Saturday, August 15, 2009

U.S. Productivity rises in Q2?

Last week, the Labor Department announced that the amount of output per hour of work rose by an annual rate of 6.4% in the 2Q while labor costs dropped by 5.8%. According to many economists, this is viewed as a healthy increase in productivity because "it means companies can pay their workers more with the wage increases financed by rising output."

Huh? Obviously, our esteemed economists have learned little from what has happened to the U.S. and Global economies over these past two years. I wonder how anyone could surmise that this "improvement in productivity" means that companies can pay workers more when it clearly states from this Labor Department data that labor costs have dropped by 5.8%.

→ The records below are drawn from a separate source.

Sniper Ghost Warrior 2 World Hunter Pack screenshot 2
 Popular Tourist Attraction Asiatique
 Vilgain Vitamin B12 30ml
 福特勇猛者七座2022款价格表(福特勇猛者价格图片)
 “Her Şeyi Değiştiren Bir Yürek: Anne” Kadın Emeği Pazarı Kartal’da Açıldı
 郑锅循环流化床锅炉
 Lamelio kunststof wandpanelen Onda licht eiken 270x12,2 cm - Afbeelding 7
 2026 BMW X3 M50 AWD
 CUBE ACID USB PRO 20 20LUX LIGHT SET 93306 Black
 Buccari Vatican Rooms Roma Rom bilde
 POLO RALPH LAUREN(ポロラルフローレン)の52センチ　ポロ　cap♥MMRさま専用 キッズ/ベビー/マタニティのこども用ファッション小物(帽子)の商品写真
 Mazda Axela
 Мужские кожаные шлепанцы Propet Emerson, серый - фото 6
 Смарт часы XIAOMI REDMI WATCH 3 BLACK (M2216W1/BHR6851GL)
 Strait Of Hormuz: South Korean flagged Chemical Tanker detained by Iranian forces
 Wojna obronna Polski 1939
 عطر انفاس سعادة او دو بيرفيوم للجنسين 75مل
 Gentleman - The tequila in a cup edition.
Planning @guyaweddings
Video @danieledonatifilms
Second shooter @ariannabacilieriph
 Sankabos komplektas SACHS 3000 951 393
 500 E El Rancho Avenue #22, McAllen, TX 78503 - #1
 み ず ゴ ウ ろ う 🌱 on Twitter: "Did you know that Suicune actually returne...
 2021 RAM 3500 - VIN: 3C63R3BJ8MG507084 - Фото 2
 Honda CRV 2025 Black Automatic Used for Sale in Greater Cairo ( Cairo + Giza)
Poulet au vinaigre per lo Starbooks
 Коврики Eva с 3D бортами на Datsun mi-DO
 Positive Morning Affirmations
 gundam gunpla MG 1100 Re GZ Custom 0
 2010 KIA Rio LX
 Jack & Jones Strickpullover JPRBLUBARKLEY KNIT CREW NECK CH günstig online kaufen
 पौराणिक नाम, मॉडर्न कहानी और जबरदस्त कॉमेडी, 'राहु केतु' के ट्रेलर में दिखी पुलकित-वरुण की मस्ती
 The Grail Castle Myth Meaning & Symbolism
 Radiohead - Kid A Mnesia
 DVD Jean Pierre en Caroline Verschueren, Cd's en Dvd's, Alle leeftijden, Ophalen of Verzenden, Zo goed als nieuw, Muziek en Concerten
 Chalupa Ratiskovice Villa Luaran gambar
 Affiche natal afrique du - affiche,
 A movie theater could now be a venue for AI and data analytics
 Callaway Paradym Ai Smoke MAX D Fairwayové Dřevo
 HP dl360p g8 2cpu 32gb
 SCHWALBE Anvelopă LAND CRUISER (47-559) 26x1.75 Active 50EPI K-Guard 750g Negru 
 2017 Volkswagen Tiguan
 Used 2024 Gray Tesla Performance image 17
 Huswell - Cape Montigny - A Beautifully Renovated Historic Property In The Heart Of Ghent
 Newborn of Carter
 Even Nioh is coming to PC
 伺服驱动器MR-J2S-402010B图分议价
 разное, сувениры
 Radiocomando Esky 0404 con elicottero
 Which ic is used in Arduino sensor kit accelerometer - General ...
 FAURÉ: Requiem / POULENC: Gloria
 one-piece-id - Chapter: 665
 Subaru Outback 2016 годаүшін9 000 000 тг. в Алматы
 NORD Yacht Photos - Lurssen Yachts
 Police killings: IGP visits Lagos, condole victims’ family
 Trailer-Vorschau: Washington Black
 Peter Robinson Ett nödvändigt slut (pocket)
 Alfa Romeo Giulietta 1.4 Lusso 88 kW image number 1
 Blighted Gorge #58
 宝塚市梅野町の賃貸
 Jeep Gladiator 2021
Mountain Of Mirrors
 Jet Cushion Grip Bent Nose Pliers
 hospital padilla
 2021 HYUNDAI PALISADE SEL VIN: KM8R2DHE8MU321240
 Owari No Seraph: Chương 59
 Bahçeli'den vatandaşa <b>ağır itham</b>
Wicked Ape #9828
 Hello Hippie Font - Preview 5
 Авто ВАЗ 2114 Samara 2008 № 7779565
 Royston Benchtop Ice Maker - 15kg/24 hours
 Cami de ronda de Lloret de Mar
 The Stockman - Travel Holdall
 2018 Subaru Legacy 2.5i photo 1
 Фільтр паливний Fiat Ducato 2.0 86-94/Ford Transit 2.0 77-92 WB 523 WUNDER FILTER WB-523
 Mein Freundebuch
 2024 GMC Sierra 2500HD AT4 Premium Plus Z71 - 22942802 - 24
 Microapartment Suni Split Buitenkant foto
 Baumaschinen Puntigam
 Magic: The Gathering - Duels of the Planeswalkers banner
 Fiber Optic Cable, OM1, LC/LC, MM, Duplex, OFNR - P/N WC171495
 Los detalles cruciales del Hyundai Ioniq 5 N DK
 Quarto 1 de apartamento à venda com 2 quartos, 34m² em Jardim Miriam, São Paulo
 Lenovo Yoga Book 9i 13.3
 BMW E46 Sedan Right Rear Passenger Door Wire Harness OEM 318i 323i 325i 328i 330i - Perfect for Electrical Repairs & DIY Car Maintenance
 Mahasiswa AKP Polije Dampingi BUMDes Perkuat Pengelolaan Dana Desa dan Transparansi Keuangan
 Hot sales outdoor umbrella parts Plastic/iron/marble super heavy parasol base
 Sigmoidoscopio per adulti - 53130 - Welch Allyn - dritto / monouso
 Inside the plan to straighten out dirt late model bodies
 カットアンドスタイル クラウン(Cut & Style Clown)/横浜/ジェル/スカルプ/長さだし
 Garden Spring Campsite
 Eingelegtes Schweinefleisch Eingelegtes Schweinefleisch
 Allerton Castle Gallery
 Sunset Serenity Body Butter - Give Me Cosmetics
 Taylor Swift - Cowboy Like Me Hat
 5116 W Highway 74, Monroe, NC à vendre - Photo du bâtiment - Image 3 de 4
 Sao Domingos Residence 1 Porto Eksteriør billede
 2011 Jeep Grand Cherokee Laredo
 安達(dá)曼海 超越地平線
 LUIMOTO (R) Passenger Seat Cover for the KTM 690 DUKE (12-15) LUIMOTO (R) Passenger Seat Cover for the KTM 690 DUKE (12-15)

Looking at the economic environment outside of the banality of the logic of economists, jobs are harder to find, which means that companies don't have to pay as much to hire a worker than as before. With workers having less discretionary income as a function of lower wages, consumers are spending less, which has a negative multiplier impact on the economy. How this can be classified as an environment of rising productivity can only make sense to an economist living in an ivory tower.

Truth be told, productivity will rise when companies manufacture products within a local jurisdiction, enabling a positive multipler effect to occur. Higher wages are offered, consumers have more discretionary income, which means that they go out to dinner more, buy more items, get more haircuts, and so on. This generates wealth and growth within an area that creates real productivity.

It's bad enough that our economists supported this faux definition of productivity in the first place, but what's worse is that we didn't learn from its effect. When will we learn that productivity is derived from more production, not less spending?